### WHAT YOU NEED TO DO
Once the line with "米兰体育登陆-法甲巅峰对决：" is found in the entries below, repeat it and each following line exactly, up to and including the line with "Villa Samba - Comfort". Add no other lines.

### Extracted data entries
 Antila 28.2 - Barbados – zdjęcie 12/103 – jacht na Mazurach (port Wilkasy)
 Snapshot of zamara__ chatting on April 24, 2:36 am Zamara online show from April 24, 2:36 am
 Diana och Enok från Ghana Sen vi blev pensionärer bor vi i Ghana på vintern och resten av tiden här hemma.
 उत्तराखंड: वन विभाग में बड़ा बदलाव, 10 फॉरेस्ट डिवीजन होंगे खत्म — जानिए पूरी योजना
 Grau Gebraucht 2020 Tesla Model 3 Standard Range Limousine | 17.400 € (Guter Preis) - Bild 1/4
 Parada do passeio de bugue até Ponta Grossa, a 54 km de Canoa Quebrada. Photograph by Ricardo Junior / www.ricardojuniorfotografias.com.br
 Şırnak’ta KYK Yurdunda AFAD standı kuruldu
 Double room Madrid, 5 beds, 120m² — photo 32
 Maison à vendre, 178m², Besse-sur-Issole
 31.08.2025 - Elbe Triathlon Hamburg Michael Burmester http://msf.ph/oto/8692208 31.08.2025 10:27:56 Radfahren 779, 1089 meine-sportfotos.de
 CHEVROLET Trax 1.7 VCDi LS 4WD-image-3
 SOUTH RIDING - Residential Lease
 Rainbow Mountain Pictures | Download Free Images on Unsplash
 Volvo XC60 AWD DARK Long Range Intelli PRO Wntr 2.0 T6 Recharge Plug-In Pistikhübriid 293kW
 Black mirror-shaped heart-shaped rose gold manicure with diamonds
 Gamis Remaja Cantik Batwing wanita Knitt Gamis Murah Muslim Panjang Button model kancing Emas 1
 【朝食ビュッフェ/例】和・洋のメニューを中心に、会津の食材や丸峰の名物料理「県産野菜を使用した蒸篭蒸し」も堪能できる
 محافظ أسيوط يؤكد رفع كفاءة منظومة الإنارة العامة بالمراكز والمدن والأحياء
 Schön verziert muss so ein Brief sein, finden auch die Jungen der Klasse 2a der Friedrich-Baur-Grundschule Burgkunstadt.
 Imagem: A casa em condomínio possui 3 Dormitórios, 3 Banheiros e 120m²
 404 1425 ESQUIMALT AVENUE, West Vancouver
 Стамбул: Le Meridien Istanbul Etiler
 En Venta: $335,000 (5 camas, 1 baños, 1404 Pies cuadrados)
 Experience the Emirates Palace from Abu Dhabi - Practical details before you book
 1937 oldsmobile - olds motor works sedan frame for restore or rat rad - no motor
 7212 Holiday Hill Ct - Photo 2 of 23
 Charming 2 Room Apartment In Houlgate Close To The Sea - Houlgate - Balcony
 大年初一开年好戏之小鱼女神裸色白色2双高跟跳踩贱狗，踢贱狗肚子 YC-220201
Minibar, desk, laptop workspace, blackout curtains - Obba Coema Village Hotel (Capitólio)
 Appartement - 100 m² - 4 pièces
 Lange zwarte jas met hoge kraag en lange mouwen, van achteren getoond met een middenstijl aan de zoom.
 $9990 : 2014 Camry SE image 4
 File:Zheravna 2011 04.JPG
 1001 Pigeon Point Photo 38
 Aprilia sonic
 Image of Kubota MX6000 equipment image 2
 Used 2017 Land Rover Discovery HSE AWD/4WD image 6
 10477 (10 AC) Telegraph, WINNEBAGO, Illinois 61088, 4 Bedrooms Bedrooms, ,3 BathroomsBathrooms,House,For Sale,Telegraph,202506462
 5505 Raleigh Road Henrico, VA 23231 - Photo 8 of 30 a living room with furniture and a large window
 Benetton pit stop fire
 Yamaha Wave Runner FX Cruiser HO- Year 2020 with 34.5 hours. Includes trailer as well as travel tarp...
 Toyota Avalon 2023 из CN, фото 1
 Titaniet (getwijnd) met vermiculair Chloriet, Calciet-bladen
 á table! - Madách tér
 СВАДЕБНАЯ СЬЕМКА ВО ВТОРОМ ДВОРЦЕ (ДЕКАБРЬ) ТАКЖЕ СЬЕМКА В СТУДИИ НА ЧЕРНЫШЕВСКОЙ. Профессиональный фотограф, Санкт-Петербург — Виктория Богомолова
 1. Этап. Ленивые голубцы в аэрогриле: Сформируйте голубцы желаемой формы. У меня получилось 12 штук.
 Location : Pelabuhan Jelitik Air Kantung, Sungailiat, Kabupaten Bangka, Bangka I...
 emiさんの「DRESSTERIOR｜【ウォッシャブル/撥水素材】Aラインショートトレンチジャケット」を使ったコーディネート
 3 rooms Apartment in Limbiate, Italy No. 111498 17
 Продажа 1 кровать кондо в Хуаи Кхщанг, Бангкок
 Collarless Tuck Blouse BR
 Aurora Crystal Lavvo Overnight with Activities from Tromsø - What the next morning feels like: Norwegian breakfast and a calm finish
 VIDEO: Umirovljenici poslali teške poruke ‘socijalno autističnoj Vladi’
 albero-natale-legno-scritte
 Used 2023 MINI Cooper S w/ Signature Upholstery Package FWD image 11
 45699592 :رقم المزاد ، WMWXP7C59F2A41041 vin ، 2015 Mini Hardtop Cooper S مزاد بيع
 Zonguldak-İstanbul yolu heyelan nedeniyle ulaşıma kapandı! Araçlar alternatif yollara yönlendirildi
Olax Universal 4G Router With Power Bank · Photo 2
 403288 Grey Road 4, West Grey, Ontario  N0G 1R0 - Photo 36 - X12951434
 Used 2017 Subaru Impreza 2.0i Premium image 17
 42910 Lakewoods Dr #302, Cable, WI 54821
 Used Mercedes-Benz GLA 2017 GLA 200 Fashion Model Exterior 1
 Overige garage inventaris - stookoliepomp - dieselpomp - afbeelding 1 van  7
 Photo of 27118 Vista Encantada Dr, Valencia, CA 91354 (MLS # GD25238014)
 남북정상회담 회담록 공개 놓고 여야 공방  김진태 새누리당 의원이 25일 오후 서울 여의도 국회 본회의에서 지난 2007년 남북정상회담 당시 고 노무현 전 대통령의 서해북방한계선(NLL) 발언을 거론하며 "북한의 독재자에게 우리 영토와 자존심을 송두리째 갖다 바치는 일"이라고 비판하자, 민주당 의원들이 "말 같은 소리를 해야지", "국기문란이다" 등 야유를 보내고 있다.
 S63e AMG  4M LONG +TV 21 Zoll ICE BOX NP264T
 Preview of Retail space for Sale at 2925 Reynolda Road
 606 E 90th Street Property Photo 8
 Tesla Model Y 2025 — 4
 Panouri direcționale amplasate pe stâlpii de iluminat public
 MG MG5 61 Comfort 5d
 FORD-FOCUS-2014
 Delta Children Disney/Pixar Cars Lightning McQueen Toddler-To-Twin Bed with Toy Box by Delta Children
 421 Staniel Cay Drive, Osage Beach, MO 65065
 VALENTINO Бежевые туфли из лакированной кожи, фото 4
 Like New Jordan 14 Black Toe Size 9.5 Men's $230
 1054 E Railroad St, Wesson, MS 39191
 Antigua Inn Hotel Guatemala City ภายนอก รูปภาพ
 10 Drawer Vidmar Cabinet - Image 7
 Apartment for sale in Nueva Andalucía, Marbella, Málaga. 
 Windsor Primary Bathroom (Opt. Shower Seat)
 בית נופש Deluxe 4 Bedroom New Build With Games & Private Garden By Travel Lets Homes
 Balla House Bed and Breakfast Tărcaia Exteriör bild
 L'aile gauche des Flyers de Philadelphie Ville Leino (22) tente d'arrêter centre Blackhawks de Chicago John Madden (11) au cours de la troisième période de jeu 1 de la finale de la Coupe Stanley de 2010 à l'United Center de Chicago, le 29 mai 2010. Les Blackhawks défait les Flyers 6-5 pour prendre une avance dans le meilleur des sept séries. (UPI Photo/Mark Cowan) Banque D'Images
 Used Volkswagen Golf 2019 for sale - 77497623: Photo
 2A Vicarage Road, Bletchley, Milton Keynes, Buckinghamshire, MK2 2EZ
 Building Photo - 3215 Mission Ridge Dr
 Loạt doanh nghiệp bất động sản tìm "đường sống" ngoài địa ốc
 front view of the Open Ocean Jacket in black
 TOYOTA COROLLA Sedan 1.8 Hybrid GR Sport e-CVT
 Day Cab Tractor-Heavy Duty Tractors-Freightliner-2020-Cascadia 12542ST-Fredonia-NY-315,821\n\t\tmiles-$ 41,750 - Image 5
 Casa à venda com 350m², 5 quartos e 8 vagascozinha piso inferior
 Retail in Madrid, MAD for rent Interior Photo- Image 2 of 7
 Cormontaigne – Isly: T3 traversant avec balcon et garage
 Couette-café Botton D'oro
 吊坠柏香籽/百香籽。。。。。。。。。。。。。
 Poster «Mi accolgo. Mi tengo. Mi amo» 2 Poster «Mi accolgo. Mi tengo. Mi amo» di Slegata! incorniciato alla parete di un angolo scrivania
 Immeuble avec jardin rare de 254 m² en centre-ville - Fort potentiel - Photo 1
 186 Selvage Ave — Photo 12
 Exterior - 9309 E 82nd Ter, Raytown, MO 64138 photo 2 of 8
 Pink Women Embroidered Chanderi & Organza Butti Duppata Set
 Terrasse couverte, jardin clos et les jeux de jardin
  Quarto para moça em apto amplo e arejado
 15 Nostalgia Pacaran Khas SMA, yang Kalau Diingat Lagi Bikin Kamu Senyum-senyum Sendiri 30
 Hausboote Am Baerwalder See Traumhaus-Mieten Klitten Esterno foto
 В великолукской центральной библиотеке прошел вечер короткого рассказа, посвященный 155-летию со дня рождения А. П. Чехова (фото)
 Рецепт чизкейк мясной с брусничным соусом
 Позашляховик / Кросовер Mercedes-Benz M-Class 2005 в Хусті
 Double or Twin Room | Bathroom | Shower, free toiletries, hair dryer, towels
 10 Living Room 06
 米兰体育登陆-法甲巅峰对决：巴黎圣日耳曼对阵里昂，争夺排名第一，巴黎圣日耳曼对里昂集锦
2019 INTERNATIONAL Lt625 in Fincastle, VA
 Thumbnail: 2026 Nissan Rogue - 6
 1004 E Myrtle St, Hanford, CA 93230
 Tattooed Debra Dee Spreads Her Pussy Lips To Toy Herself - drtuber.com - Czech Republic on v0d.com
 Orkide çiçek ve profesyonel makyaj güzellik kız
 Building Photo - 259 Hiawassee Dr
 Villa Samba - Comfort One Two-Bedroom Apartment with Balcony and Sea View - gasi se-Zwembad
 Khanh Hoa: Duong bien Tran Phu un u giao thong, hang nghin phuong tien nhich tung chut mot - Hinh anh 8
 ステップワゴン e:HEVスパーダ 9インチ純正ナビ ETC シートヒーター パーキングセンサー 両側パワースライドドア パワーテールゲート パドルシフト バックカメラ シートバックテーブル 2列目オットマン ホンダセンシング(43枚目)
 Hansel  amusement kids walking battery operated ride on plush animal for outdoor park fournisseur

### SOLUTION FOR THIS TASK
 米兰体育登陆-法甲巅峰对决：巴黎圣日耳曼对阵里昂，争夺排名第一，巴黎圣日耳曼对里昂集锦
2019 INTERNATIONAL Lt625 in Fincastle, VA
 Thumbnail: 2026 Nissan Rogue - 6
 1004 E Myrtle St, Hanford, CA 93230
 Tattooed Debra Dee Spreads Her Pussy Lips To Toy Herself - drtuber.com - Czech Republic on v0d.com
 Orkide çiçek ve profesyonel makyaj güzellik kız
 Building Photo - 259 Hiawassee Dr
 Villa Samba - Comfort One Two-Bedroom Apartment with Balcony and Sea View - gasi se-Zwembad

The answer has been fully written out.